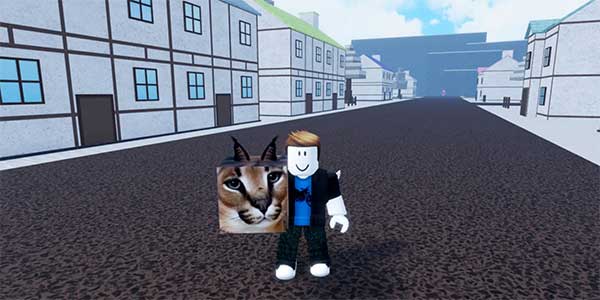 Danh sách vũ khí trong Meme Sea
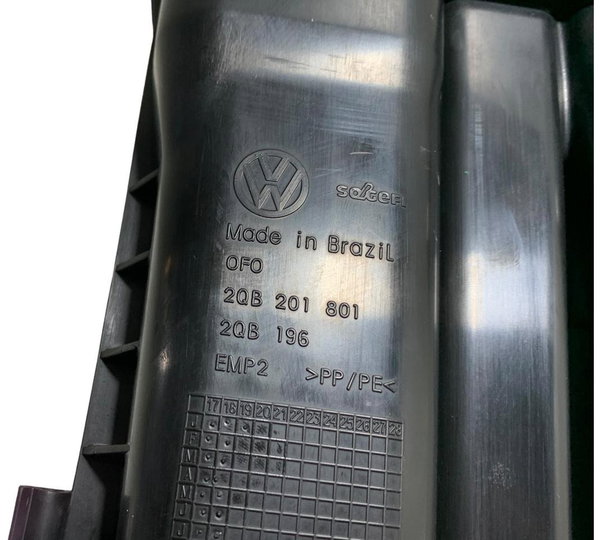 Filtro Canister Combustível Volkswagen Polo 2019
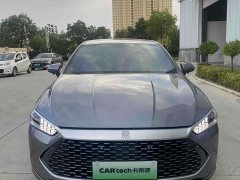 BYD Qin PLUS Glory Edition DM-i 55KM Leading - ფოტო 2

__WHAT YOU ARE ASKED TO DO__. Reproduce the material exactly; omit the pictures.

__WRITTEN REPLY__.
 Danh sách vũ khí trong Meme Sea
 Filtro Canister Combustível Volkswagen Polo 2019
 BYD Qin PLUS Glory Edition DM-i 55KM Leading - ფოტო 2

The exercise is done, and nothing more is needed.